Humans only use 10% of their brain, so they say.

Photo from David Goehring’s flickr
The 10% brain usage is definitely a myth for the scientific community. Every region of the brain is performing, whether it is from the back’s occipital lobe that controls our vision or the frontal lobe that’s responsible for our cognitive functioning. Every region of the brain is almost working constantly to accommodate our activities; even those that we don’t have to think of doing, like breathing, are under the brain’s supervision.
100% of our brain is working hard; that’s why it demands so much energy to operate. Our brain “represents three percent of the body’s weight and uses 20 percent of the body’s energy”, said Johns Hopkins’ neurologist Barry Gordon.
Where the myth came from?
It may have started from William James’ words in The Energies of Men (1908), “we are making use of only a small part of our possible mental and physical resources”. Later on, Karl Lashley studied the brains of rats where he removed portions of cerebral cortex and the rats can perform specific tasks like nothing happened. So people would be thinking, we won’t need most of it.
The more interesting claim is human’s potential psychic abilities. It is indulging to believe that there’s even more we could do, perhaps have a super memory or heroic capabilities.
The more appropriate claim is we only know 10% of our brain. That 10% are neurons, and the rest of the brain is supporting glial cells. There is still a broad spread of exploration to know what glial cells are for.

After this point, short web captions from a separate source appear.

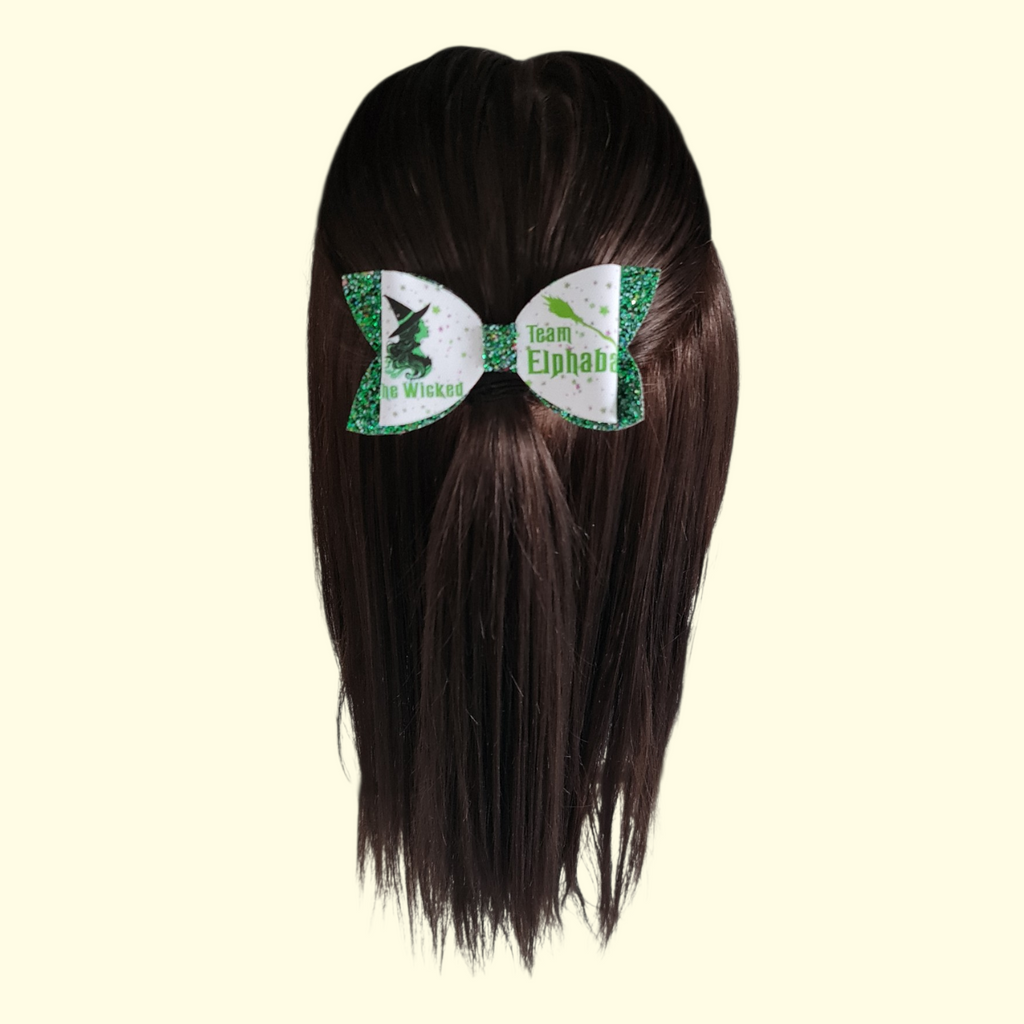 Wicked Elphaba Standard Hair Bow
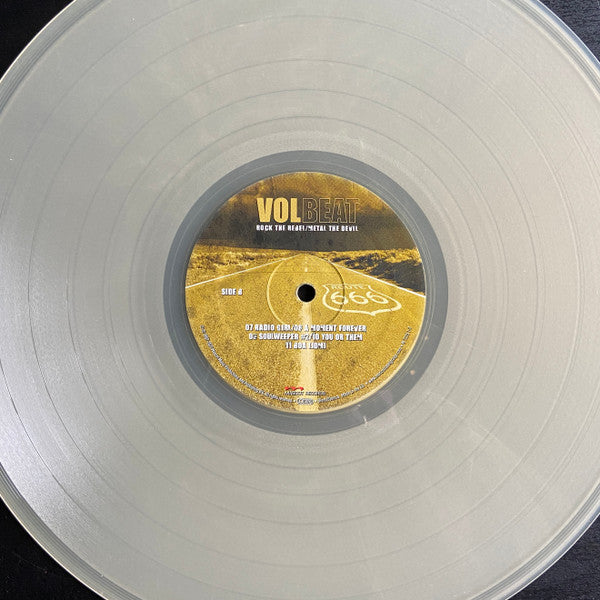 Volbeat : Rock The Rebel / Metal The Devil (LP, Album, RE, S/Edition, Glo)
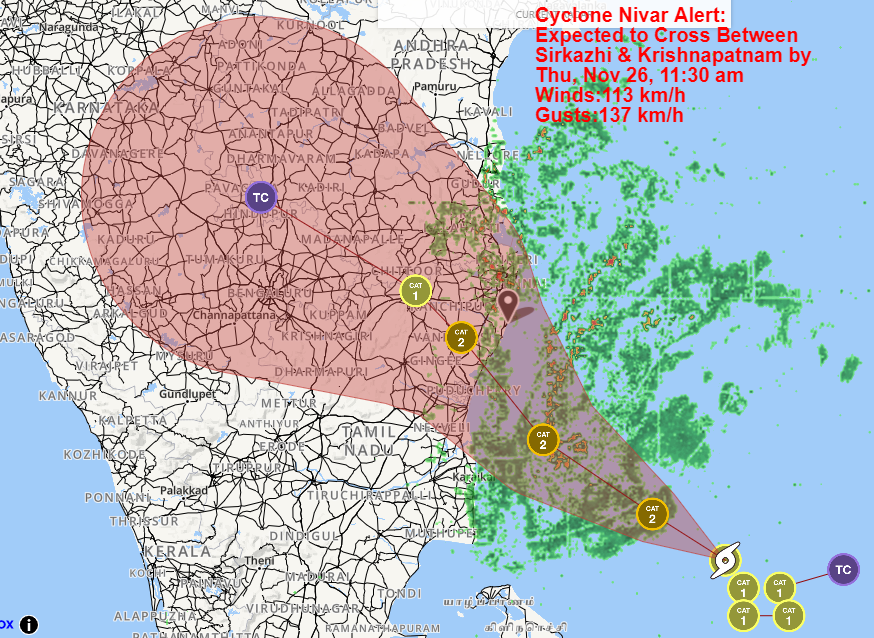 Chennai, India (சென்னை) wind, wave & weather forecast — Windy.app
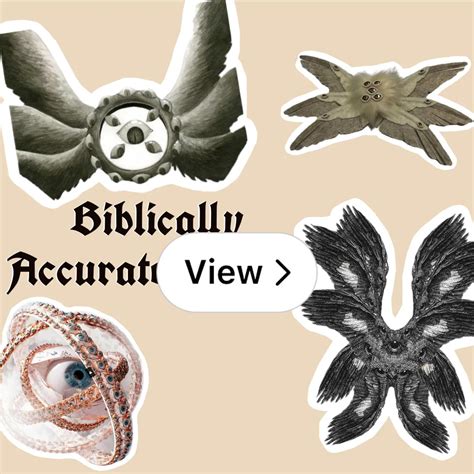 Biblically Accurate Angels 🌟👁️ | Gallery posted by 🌿Rose 🌿 | Lemon8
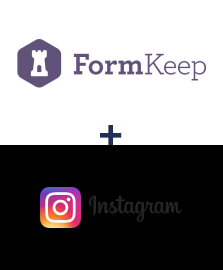 Integração de FormKeep e Instagram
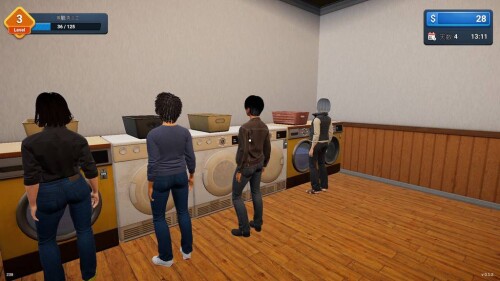 洗衣模拟器2026 v0.1.2 中文版-电玩纪元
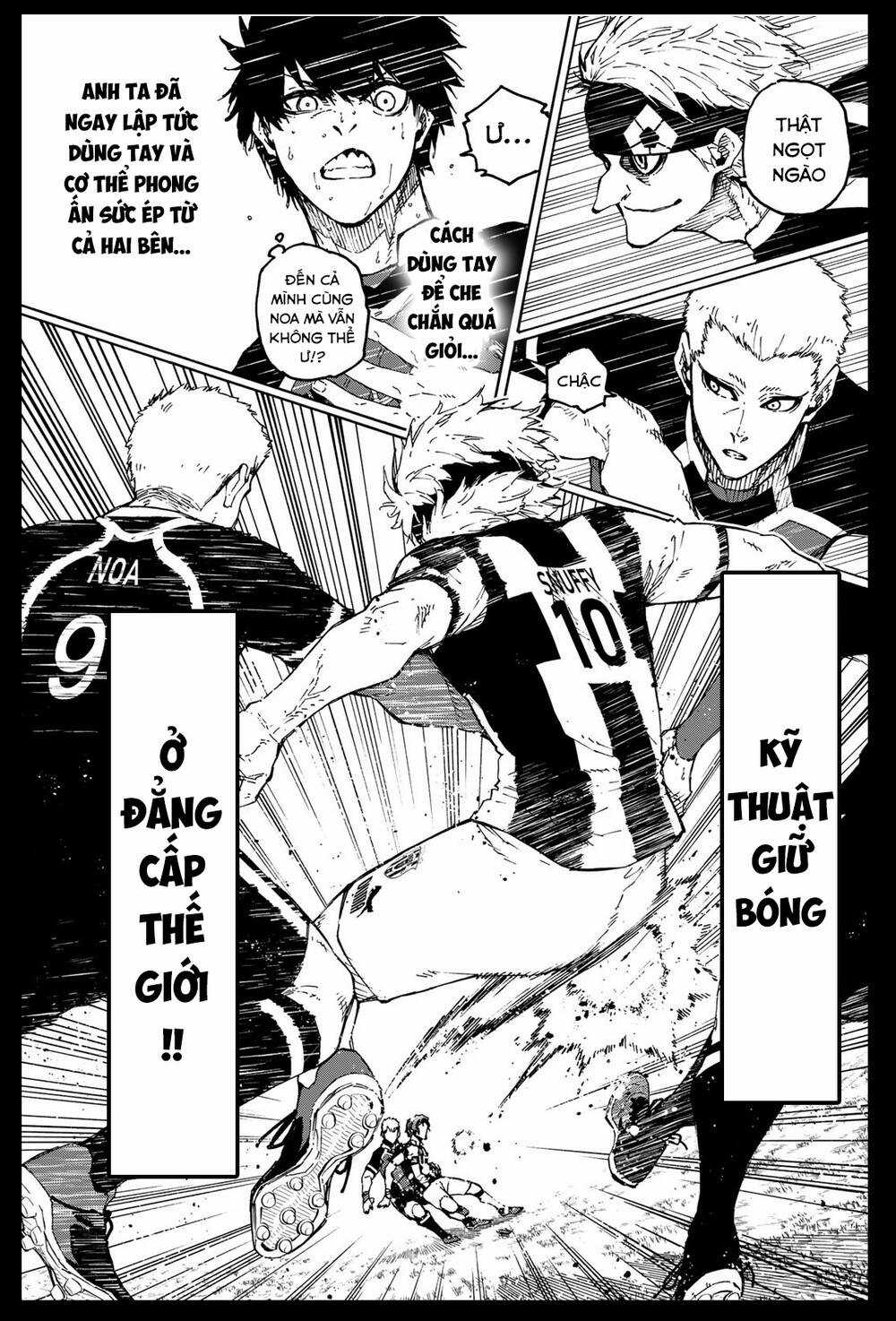 Tiền Đạo Số 1 Chapter 222 trang 9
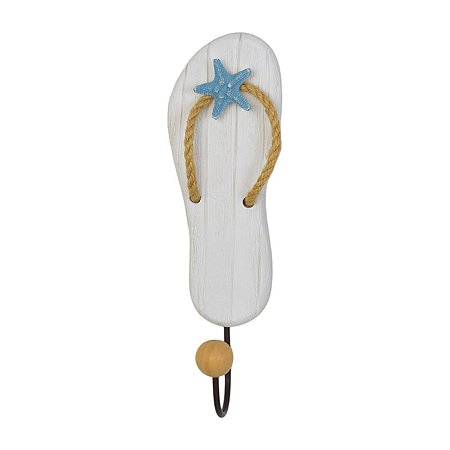 Cabideiro Chinelo Branco E XO-95B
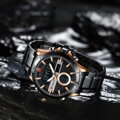 Hodinky pánske CURREN 8384 (zc023c) - DUAL TIME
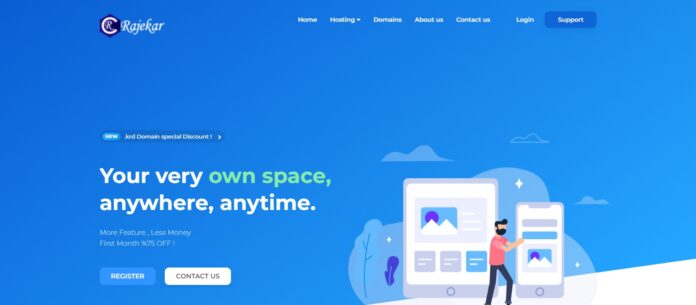Rajekar.com Web Hosting Review: More Features Less Money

But the science community is not backing off to know more. In a way, you could buy Einstein’s brain via an iPad app. $9.99 gives anyone access to images of the genius’ brain cut into 350 slides, hoping to spark another knowledge to his brain apart from knowing that his parietal lobe (processing of mathematics, language, and spatial understanding) is wider than normal.
Is this too much to take from the man who already contributed so much to our comprehension? The man who wished for his body to be cremated?
As long as the person is dead, it seems, his voice will not matter. Jacopo Annese of the University of California “predicts that there will be another Einstein, and when that individual dies, we’ll be prepared (we’re hanging on for that 3D-mapped interactive specimen)” (Wired UK).
Do you believe that nothing should hamper the search for knowledge?